Petrolio e Guerra in Sud Sudan

Ritrovamento di armi da parte dei soldati SPLA, durante un programma di disarmo Ritrovamento di armi da parte dei soldati SPLA, durante un programma di disarmo George Steinmetz/National Geographic

5 Aprile 2018

I leader del Sud Sudan utilizzano la ricchezza petrolifera del paese per sostenere le milizie implicate in attacchi contro civili.

Crimine organizzato e crimini internazionali - genocidio, crimini contro l'umanità e crimini di guerra - risultano più interconnessi di quanto inizialmente non appaiano. L'esperienza degli ultimi decenni ha infatti dimostrato come la commissione di atrocità sia spesso resa possibile dall'azione di vaste reti criminali, che non soltanto finanziano e agevolano la commissione di crimini internazionali, ma approfittano altresì della mancanza di uno stato di diritto e di una corruzione diffusa, per procedere indisturbati nelle loro attività criminose.
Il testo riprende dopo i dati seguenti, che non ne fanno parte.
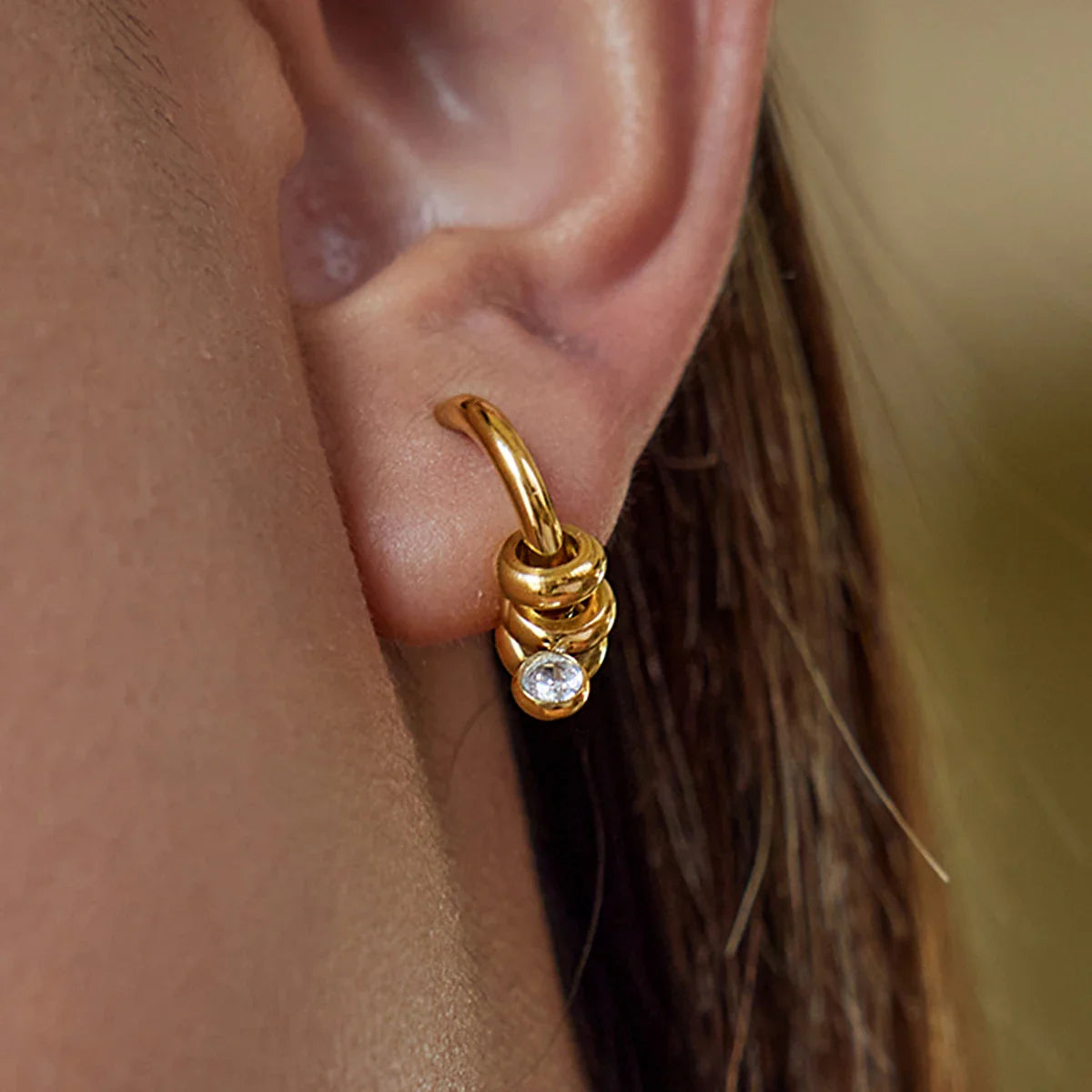 Minimalist 18K Gold White Zirconia Hoop Earrings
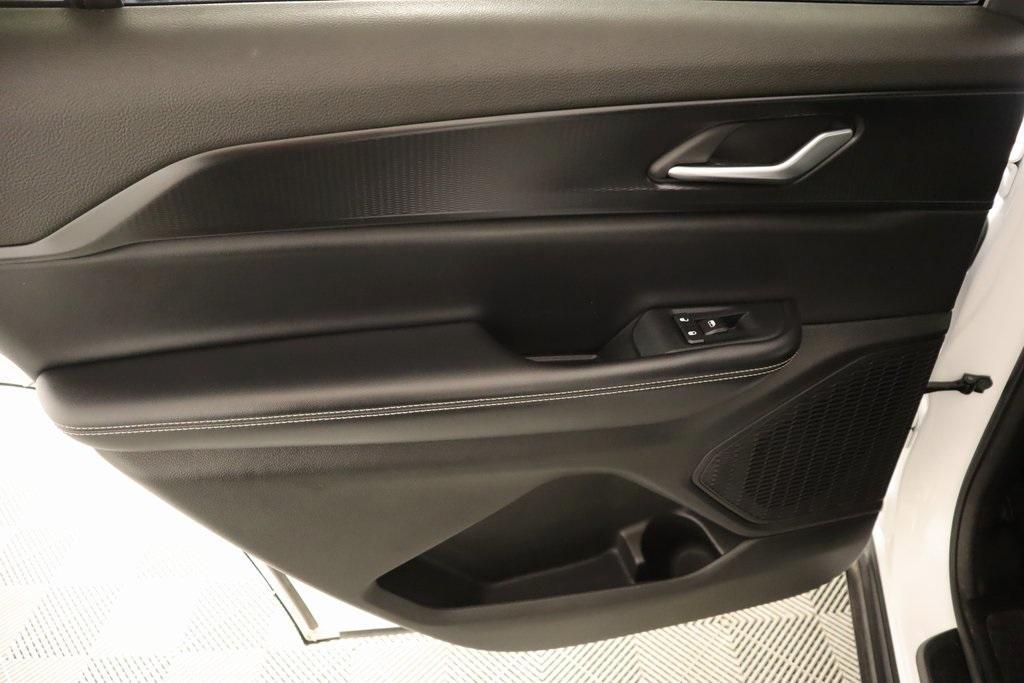 used 2024 Jeep Grand Cherokee L car, priced at $37,219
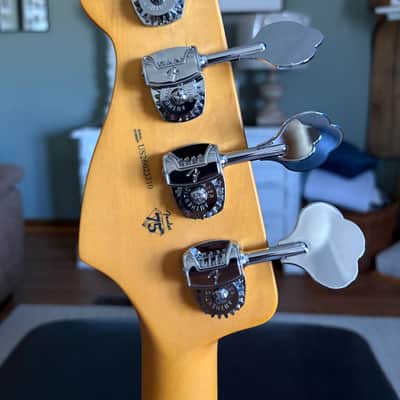 Fender American Professional Precision 2 2026 - Mystic Surf image 7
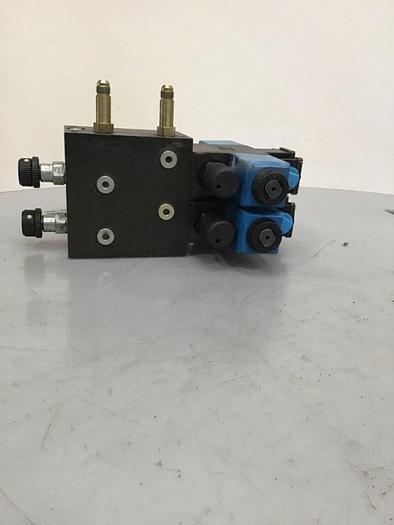 Used VICKERS Valve with Corepull Manifold DG4V-3S-2C-M-FTWL-H5-60 #134674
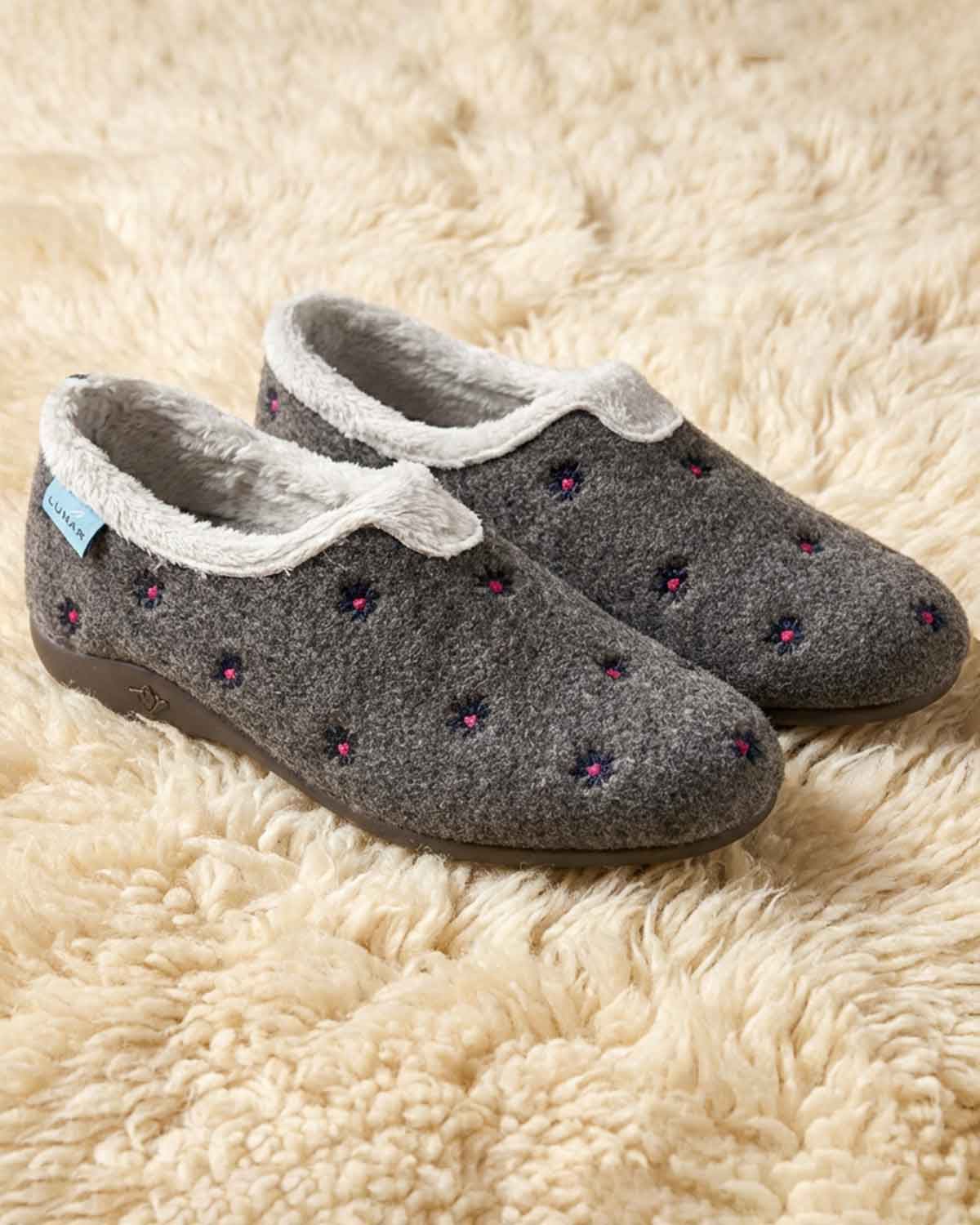 Lunar Mira Slipper - Grey - Country Collection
A tale riguardo, una ricerca condotta da The Sentry, un'iniziativa di carattere investigativo impegnata nel monitoraggio di reti criminali transnazionali in Africa, rivela che il settore petrolifero nel Sud Sudan è intimamente legato alla commissione di atrocità e orribili atti di violenza.

Il Sud Sudan ha conquistato la propria indipendenza dal Nord nel 2011, ottenendo così il primato per essere il paese più giovane del mondo. Ciononostante, la guerra civile scoppiata nel dicembre 2013 ha provocato decine di migliaia di morti e lasciato più di 4 milioni di persone sfollate, sia internamente che esternamente. Più precisamente, così come riportato da The Sentry, il conflitto è derivato in gran parte da una lunga guerra di potere e profitto, all'interno della classe d'élite. Nel corso degli anni, queste élite hanno costruito e messo in atto un regime predatorio, che non soltanto è stato in grado di catturare e controllare quasi tutti i settori economici del paese generatori di profitto, ma ha altresì svolto un ruolo centrale nell'attuale guerra civile.

I documenti analizzati da The Sentry illustrano transazioni e pagamenti per oltre 80 milioni di dollari diretti a politici, ufficiali militari, agenzie governative e compagnie private, molti dei quali direttamente collegati allo sforzo bellico del governo. In particolare, l'inchiesta descrive come i massimi funzionari di Stato, da metà 2014 a metà 2015, abbiano drammaticamente utilizzato i capitali acquisiti dalla compagnia petrolifera statale del Sud Sudan (Nile Petroleum Corporation, o Nilepet), per fornire supporto a un gruppo di forze paramilitari Padanga-Dinka, sotto forma di armi, carburante, attrezzature, fondi, cibo e altre forniture.